Przejdź do treści
Reklama
Reklama
Kraj

Zarzut dla senatora

Aleksander G. z zarzutem podżegania do zabójstwa

Dwadzieścia dwa lata po zaginięciu dziennikarza Jarosława Ziętary postawiono w tej sprawie zarzut dopiero pierwszej osobie: byłemu senatorowi Aleksandrowi G.
Rafał Guz/Forum

Trzeba przyznać, że komunikat brzmi sensacyjnie. Według krakowskiej prokuratury to Aleksander G., były senator, znany biznesmen, karany w przeszłości za malwersacje finansowe, nakłaniał inne osoby do zabójstwa poznańskiego dziennikarza.

Prokuratura mówi o zabójstwie, chociaż nie ma pewności, że do niego doszło.

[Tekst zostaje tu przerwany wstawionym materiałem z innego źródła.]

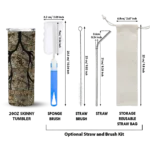 custom chicago white sox antler flow camo skinny tumbler best selling 2.webp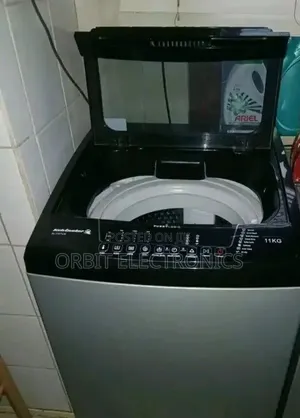 Kebinator 11kg Washing Mashin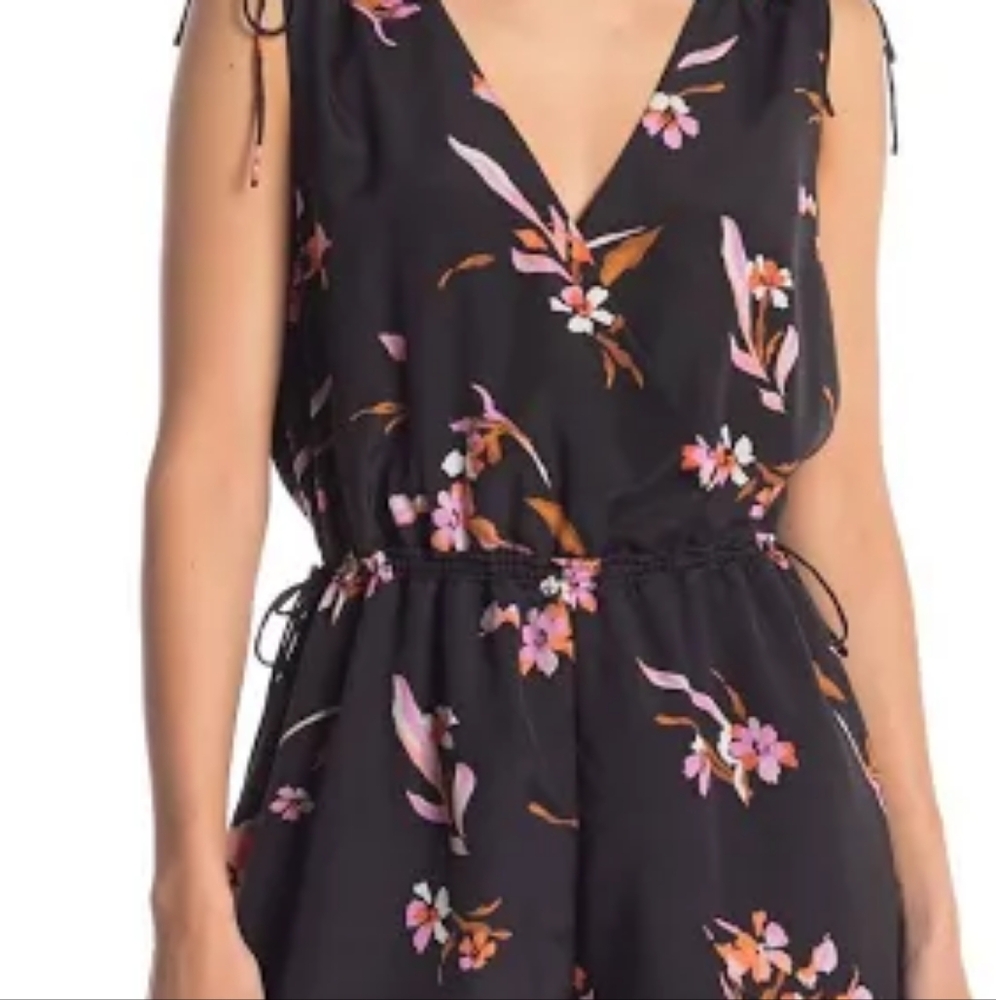 Joie Keona Floral Romper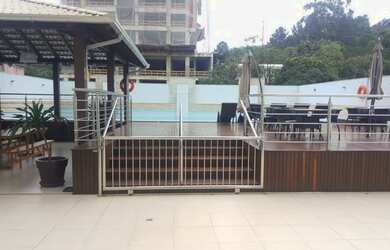 Imagem: O apartamento possui 2 Dormitórios, 2 Banheiros, 2 Vagas na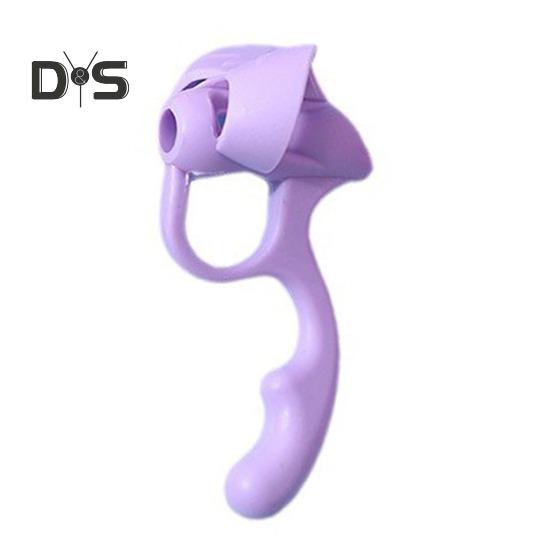 4 szt./zestaw silikonowy uchwyt na ołówki zapobieganie odciskom palców pomoc w prawidłowej postawie ergonomiczny dziecięcy antypoślizgowy uchwyt na ołówki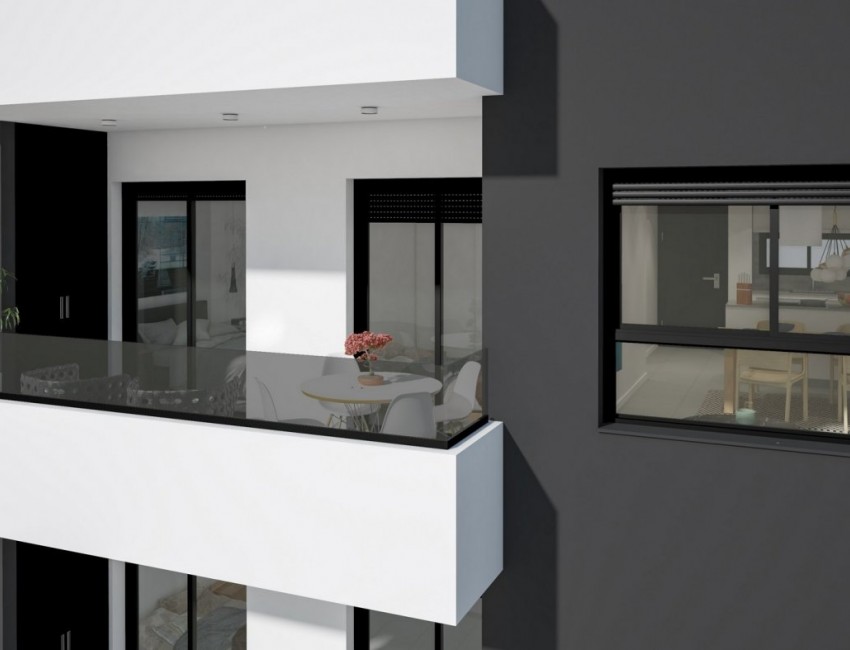 Nouvelle construction · Appartement · Orihuela Costa · Villamartín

Pewne jest, że Ziętara wyszedł z domu 1 września 1992 r. i od tamtej pory nikt go już nie widział. Nadal nie można wykluczyć żadnej z przyjmowanych dotychczas hipotez.

Zakładano, że dziennikarz mógł zostać uprowadzony i zamordowany z powodu wiedzy, jaką posiadł w związku z przygotowywanymi artykułami dla prasy. Ale dopuszczano też scenariusz, według którego Ziętara padł ofiarą nieszczęśliwego wypadku, a jego ciało ktoś ukrył albo z powodu okoliczności do dzisiaj nie zostało odnalezione. Wiedziano, że lubił chodzić po górach, często w nie jeździł – może teraz także wybrał się na południe Polski, nie powiadamiając najbliższych. W górach mogło dopaść go jakieś nieszczęście. Zastanawiano się wreszcie, czy z nieznanych powodów całkiem świadomie wyjechał z kraju, aby gdzieś rozpocząć nowe życie. Żadna z hipotez nie znalazła przez lata potwierdzenia. Najbliżsi Jarka Ziętary, jego rodzina i przyjaciele z poznańskich mediów, od początku przyjmowali najgorszy scenariusz – padł ofiarą przestępstwa.

Szukano ciała, ale bezskutecznie. Szukano motywów – nie znaleziono. Szukano świadków. Zgłaszali się różni ludzie, coś rzekomo widzieli, coś słyszeli, ale była to gęsta mgła, w której śledczy nie potrafili znaleźć drogi w odpowiednim kierunku. Śledztwo ruszyło żwawiej, kiedy sprawę ponad dwa lata temu przekazano do krakowskiej apelacji.

Prokurator Piotr Kosmaty opublikował w mediach portret pamięciowy mężczyzny, którego opisali nowi świadkowie, jako prawdopodobnego uczestnika uprowadzenia dziennikarza.